_PROBLEM DETAILS:_ Below are records with pictures in them. Transcribe everything from the line containing "Imagen del vendedor" down to the line containing "سنگ فرز متابو|ابزارآلات|قم, زنبیل آباد|دیوار", exactly, and leave the pictures behind.

Segment Start: INPUT DATA

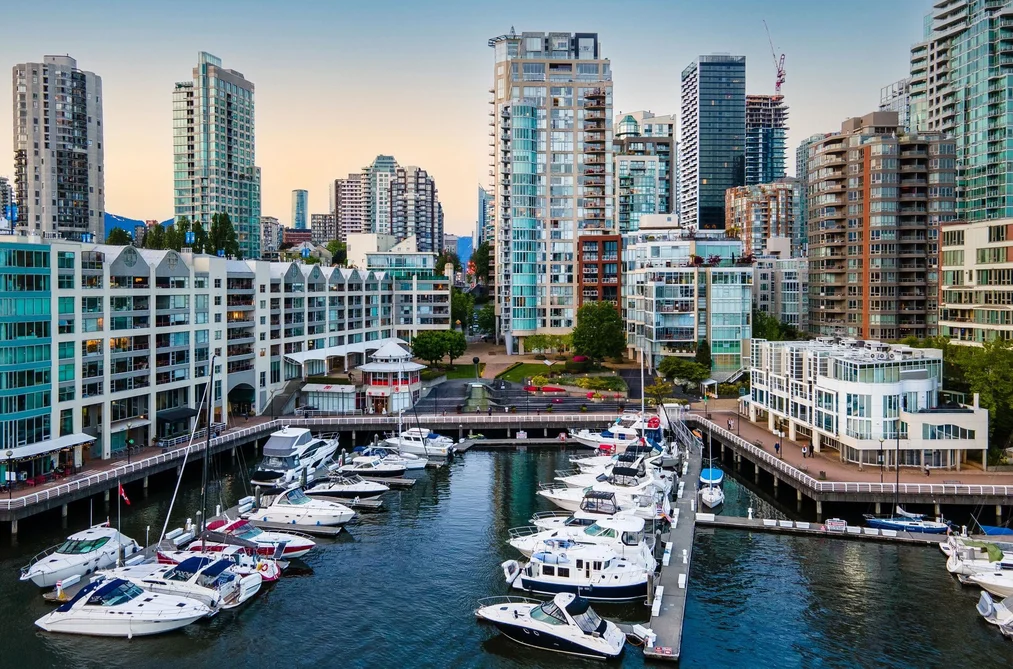 Condo for sale at 1005 1000 Beach Avenue Vancouver British Columbia - MLS: R3133940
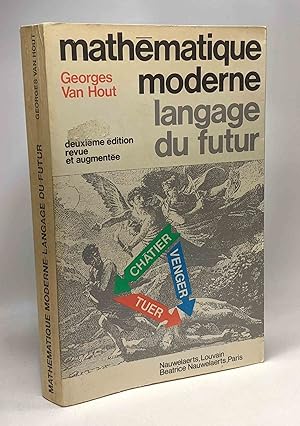 Imagen del vendedor de Mathmatique moderne langage du futur - 2e d. revue et augmente a la venta por crealivres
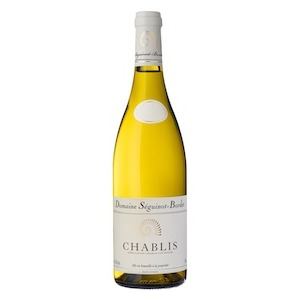 Chablis AOC by Domaine Séguinot Bordet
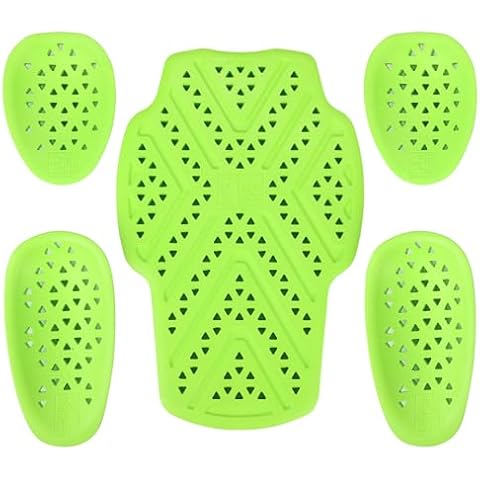 KEMIMOTO CE Level 2 Back Armor Cover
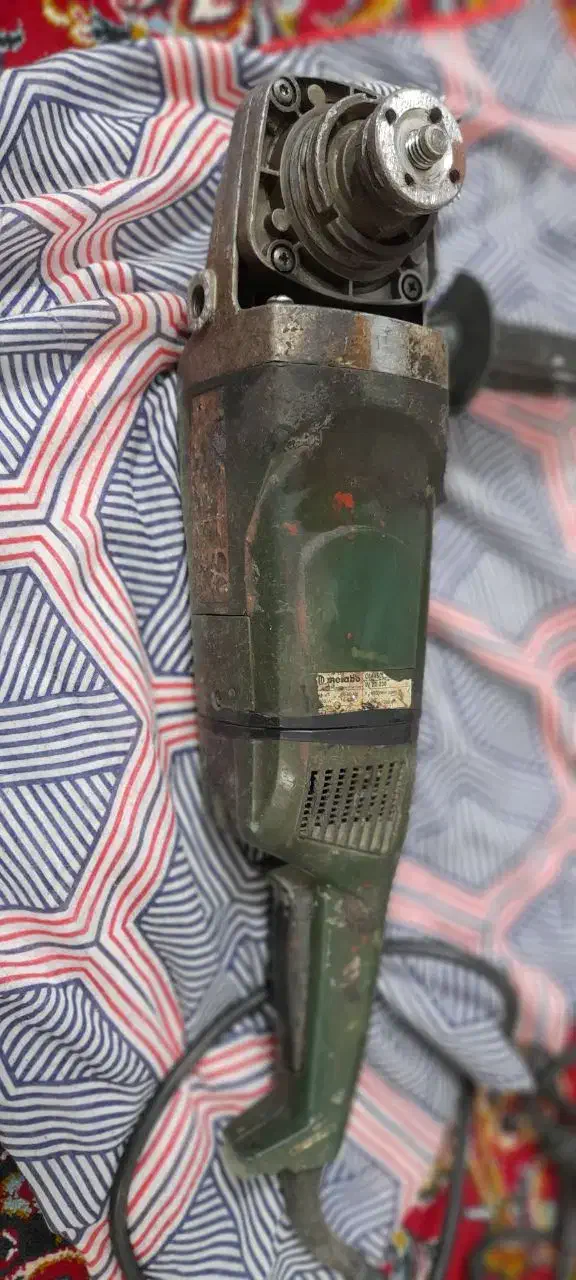 سنگ فرز متابو|ابزارآلات|قم, زنبیل آباد|دیوار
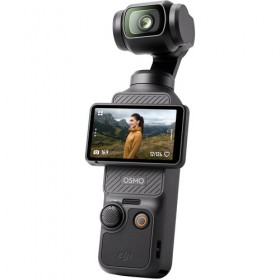 DJI Osmo Pocket 3 : Câmara...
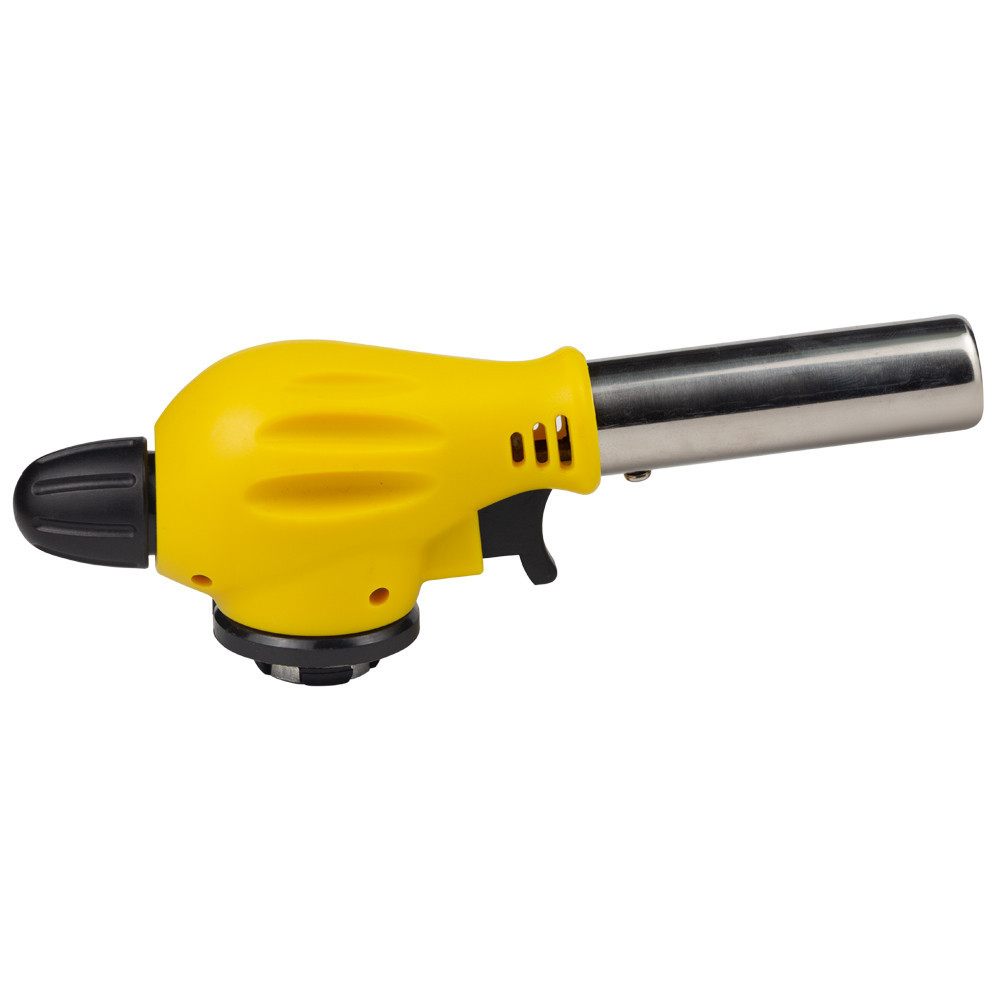 Горілка газова турбо 360° з керамічним соплом та п'єзопідпалом Ø22мм 182мм SIGMA (2901351) Рівне - фото 7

Segment End: INPUT DATA

_ANSWER SECTION:_
 Imagen del vendedor de Mathmatique moderne langage du futur - 2e d. revue et augmente a la venta por crealivres
 Chablis AOC by Domaine Séguinot Bordet
 KEMIMOTO CE Level 2 Back Armor Cover
 سنگ فرز متابو|ابزارآلات|قم, زنبیل آباد|دیوار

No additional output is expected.